È questo uno dei significati più interessanti dei cambiamenti e delle trasformazioni oggi in atto nella scuola italiana!     

La seconda considerazione che vorrei esprimere è questa: - La progettazione e il territorio, oltre che esprimere due logiche tipiche della società ipercomplessa, a legame ricorsivo e non più lineare, come ci ricorda Edgar Morin, rappresentano due essenziali riferimenti procedurali da cui non è possibile prescindere da parte di chi voglia esaminare, per cercare di capirlo, i difficili meccanismi e gli intrecci operanti nel “pianeta scuola”. 

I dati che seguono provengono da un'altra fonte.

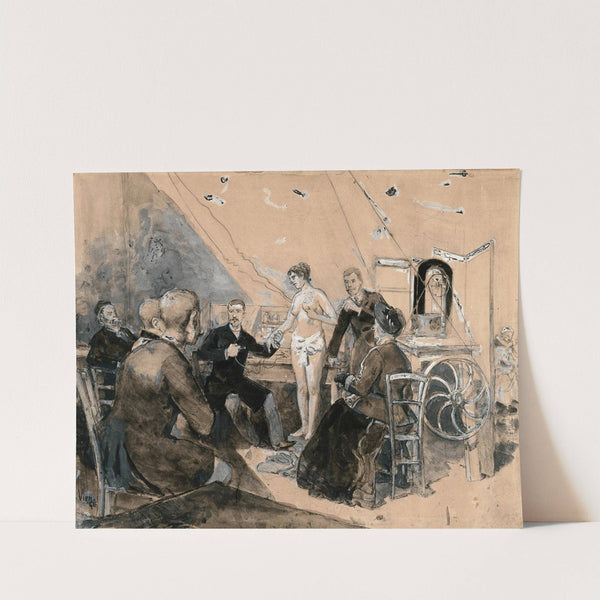 A doctor demonstrating electrotherapy on a young semi-nude by Daniel Urrabieta Vierge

Qui i riferimenti concettuali sono due:

q       da un lato, facciamo riferimento al modello-concetto di “curriculum” delle Istituzioni scolastiche, che finalmente, con l’autonomia, ci fa superare tutte quelle contraddizioni che insorgevano al suo richiamo, quando, come faceva tra gli anni settanta e ottanta Cesare Scurati, si era costretti necessariamente a coniugarlo con i Programmi unici nazionali dei vari ordini di scuola;

q       da un altro lato ci riferiamo alla necessità della diversificazione dell’attività formativa ed all’esigenza del conseguente decentramento dell’organizzazione scolastica, su di un territorio omogeneo, la cui configurazione a livello comprensoriale o sub-provinciale non dovrà in alcun modo comportare chiusure  o limitazioni, ma, paradossalmente, espansioni ed amplificazioni dei suoi tratti, entro le dimensioni nazionali ed internazionali, nel rispetto della propria identità culturale. 

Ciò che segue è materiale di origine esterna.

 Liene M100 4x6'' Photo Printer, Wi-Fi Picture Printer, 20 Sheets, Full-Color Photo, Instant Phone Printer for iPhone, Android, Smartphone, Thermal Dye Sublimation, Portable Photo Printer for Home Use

Va ricordato che il Regolamento, posto alla base dell’autonomia delle Istituzioni scolastiche ed adottato con il DPR 8 marzo 1999, n° 275,  declina il curricolo in termini sì di territorialità, ma anche di flessibilità e di espansibilità e struttura il curricolo obbligatorio secondo una quota nazionale ed una locale, prevedendo, ove necessario, compensazioni ed integrazioni ed introducendo un curricolo aggiuntivo «definito - precisa il comma cinque dell’articolo otto – anche attraverso un’integrazione tra sistemi formativi, sulla base di accordi con le regioni e gli enti locali…», ma anche con le famiglie, le associazioni e gli enti sia del territorio che nazionali ed internazionali.

Le possibilità operative che il curricolo integrato  offre sono di portata notevole e fanno prefigurare interessanti, ulteriori sviluppi.

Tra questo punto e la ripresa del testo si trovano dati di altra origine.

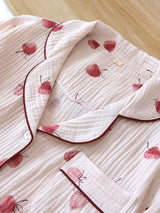 Cherry Printed Long Sleeve Cotton Pajamas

In particolare, se ne possono evidenziare almeno tre fondamentali:

1.            la convergenza di obiettivi formativi e  di strategie didattiche  con i modelli che stanno alla base delle relazioni umane e sociali e che comunemente vengono adottati nel contesto socioculturale; il che vuol affermare la garanzia a che i contenuti dell’insegnamento siano rispondenti ai valori condivisi nel ”sistema simbolico culturale”,  in un determinato tempo e spazio;

2.            il superamento della chiusura e dell’autoreferenzialità che ogni sistema scolastico tende, suo malgrado, a realizzare, quando in esso la territorialità, che pure è un valore, si restringe troppo, perdendo in estensione più globalizzante;

3.            il potenziamento – qualitativo ed intensivo – della comunicazione e della interazione tra le parti, dal momento che la messa in azione di un curricolo integrato comporta necessariamente un infittimento della rete di relazionalità tra i soggetti che gestiscono la formazione e tra le diverse agenzie del sociale, favorendo, ma anche talvolta rallentando, gli stessi scambi socio-produttivi in una comunità sempre più on line.

Entro queste particolari dimensioni la nostra scuola è ancora tutta da costruire!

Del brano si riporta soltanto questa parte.